> [TASK ITEM]
Look below for the line with "Hello friends and"; begin the copy there and stop after the line with "Lastly, what you", keeping the text exact and the pictures out.
[INFORMATION GIVEN Boundary: Start]
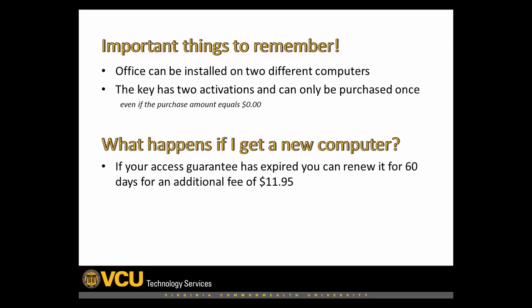After this 30-day window has expired, you must purchase access back to the product by buying the Access Guarantee for $11.95.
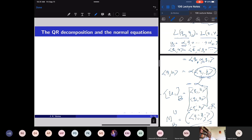To use QR decomposition to solve normal equations — for fitting a straight line, parabola, or mth degree equation — we solve the normal equations. Normal equations arise from Ax = b: multiplying both sides by A transpose gives A transpose Ax = A transpose b. These normal equations always have a solution, and that solution is the best solution of the system Ax = b. Now let us find another way of solving the normal equations using QR decomposition.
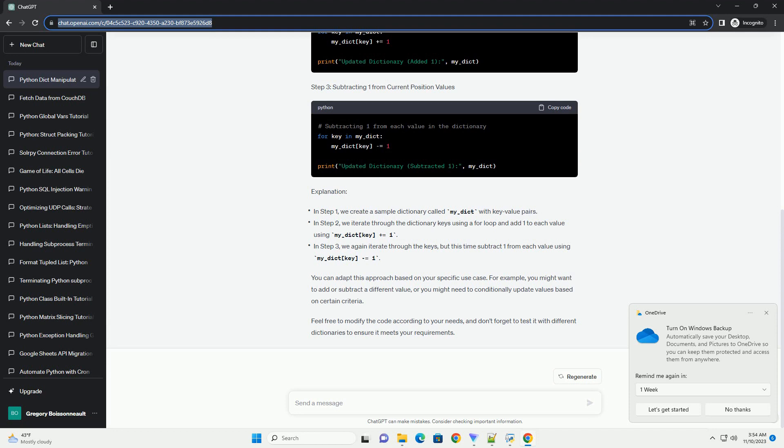Feel free to modify the code according to your needs, and don't forget to test it with different dictionaries to ensure it meets your requirements. ChatGPT Tap 3.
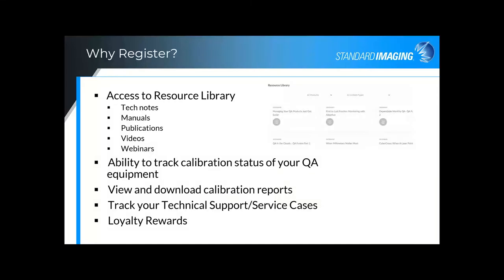Why should you sign up for an account with the Customer Portal? I think there's some really good reasons. The first one is that it provides you access to our resource library, things such as tech notes, manuals, publications, videos, as well as much more. In addition, you can track your calibration status of your QA equipment. You can also view and download your calibration reports if we have those on file for you. You can also track your technical support service cases, as well as browse through our loyalty rewards and take advantage of some really good deals.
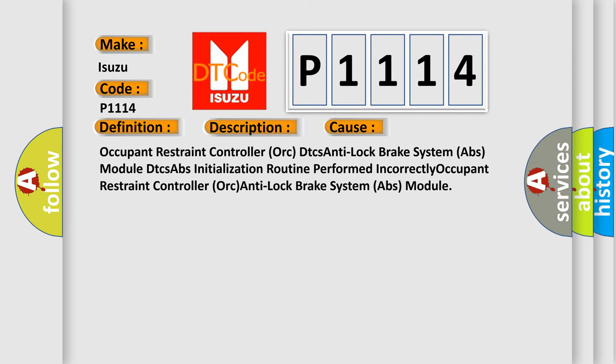Occupant Restraint Controller (ORC) DTCs, Anti-Lock Brake System (ABS) module DTCs, ABS initialization routine performed incorrectly, Occupant Restraint Controller (ORC) Anti-Lock Brake System (ABS) module.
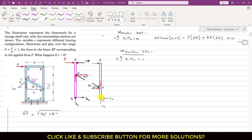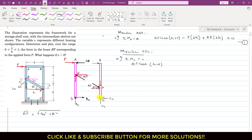For member BFC, applying summation of moments about point C equals zero with counterclockwise positive: the cosine component of EF produces a clockwise moment about C, so we write minus EF·cos(α), and the perpendicular distance from C is (h − x). The sine component passes through C and produces no moment. The AB force also produces a clockwise moment about C, so we write minus AB·(2h). This gives: −EF·cos(α)·(h − x) − AB·(2h) = 0. This is Equation 2.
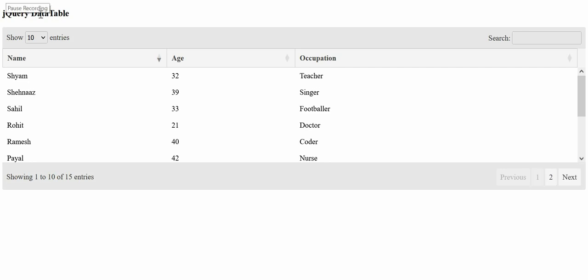Hello friends and welcome back to Frontend Path Sala. In this tutorial, we will learn how to implement jQuery data table.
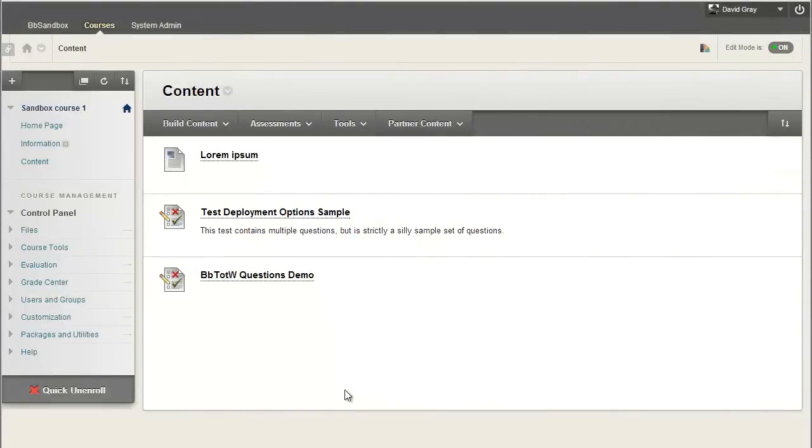New with Blackboard's Service Pack 13 is a tiny little aspect that some faculty are going to love to death. Test access logs. The question's always been, how do I know what my student is doing while they're taking a test?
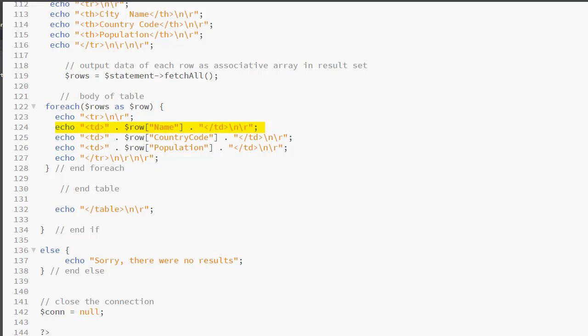So we have placed the value for the name column in the first record inside a TD element. We will do the same for the next column. So we have an echo statement creating our opening TD element. We are concatenating it with dollar row and in bracket country code. Country code is the name of the column in the database. This expression will return the value in the first record. We then concatenate the ending TD and the escape characters. So we have just created our second TD which contains the value for the country code column.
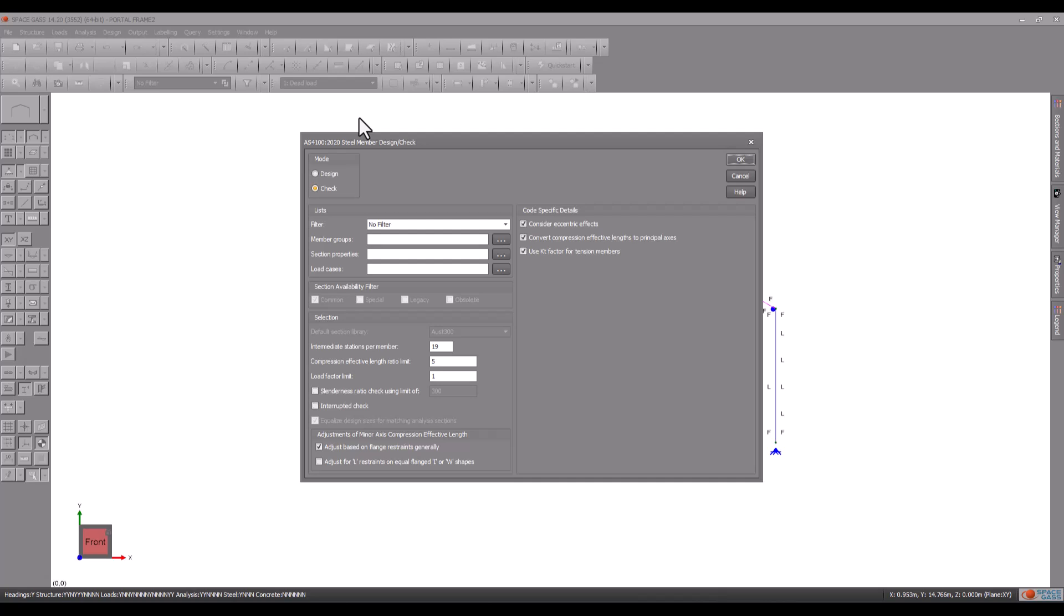If we choose check mode, the program will simply check the member sizes in our analysis model against the design code and tell us if they are adequate or not.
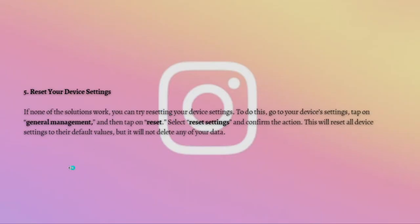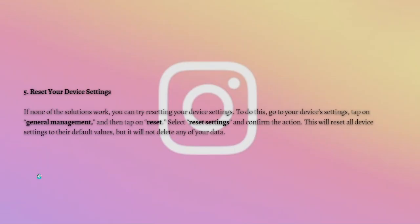Lastly, what you can do is to try and reset your device settings. If none of the previous solutions work for you, you can try resetting your device settings. To do this, go to your device's settings, tap on General Management, then tap on Reset, select Reset Settings, and confirm the action. This will reset all device settings to their default values but it will not delete any of your data.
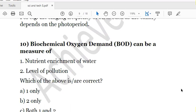The 10th and last question: Biochemical oxygen demand (BOD) is a measure of — First, nutrient enrichment of water; Second, level of pollution. Both statements are correct. BOD can measure the nutrients present in water and how those nutrients contribute to pollution. The answer is C, that is both one and two.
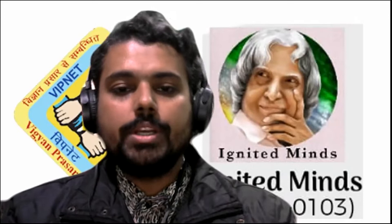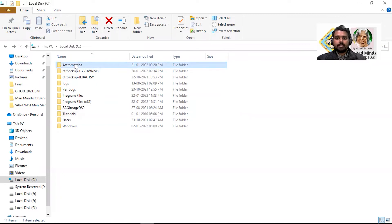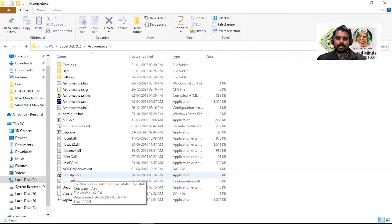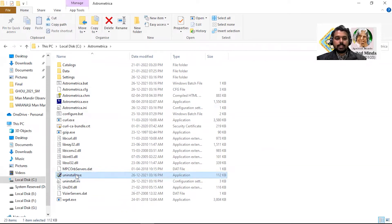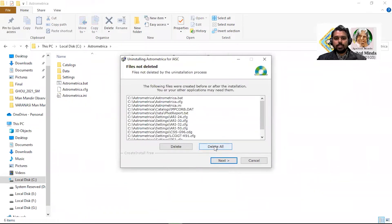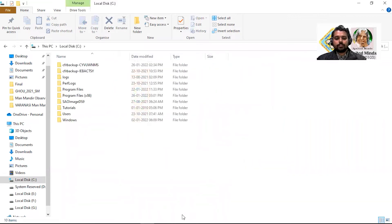Now let's go through the method to uninstall Astrometrica. Wherever the Astrometrica software is installed on your system, a folder is generated in the name of Astrometrica. For my system, it's in the C drive. Go into that folder and towards the bottom there is a file called uninstall.exe. Simply click it and that version of Astrometrica will be uninstalled. I'm clicking 'delete all' and within seconds, Astrometrica has been uninstalled.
[INFORMATION GIVEN Boundary: End]
> [EXERCISE SOLUTION]
Hello friends and welcome back to Frontend Path Sala. In this tutorial, we will learn how to implement jQuery data table.
New with Blackboard's Service Pack 13 is a tiny little aspect that some faculty are going to love to death. Test access logs. The question's always been, how do I know what my student is doing while they're taking a test?
So we have placed the value for the name column in the first record inside a TD element. We will do the same for the next column. So we have an echo statement creating our opening TD element. We are concatenating it with dollar row and in bracket country code. Country code is the name of the column in the database. This expression will return the value in the first record. We then concatenate the ending TD and the escape characters. So we have just created our second TD which contains the value for the country code column.
If we choose check mode, the program will simply check the member sizes in our analysis model against the design code and tell us if they are adequate or not.
Lastly, what you can do is to try and reset your device settings. If none of the previous solutions work for you, you can try resetting your device settings. To do this, go to your device's settings, tap on General Management, then tap on Reset, select Reset Settings, and confirm the action. This will reset all device settings to their default values but it will not delete any of your data.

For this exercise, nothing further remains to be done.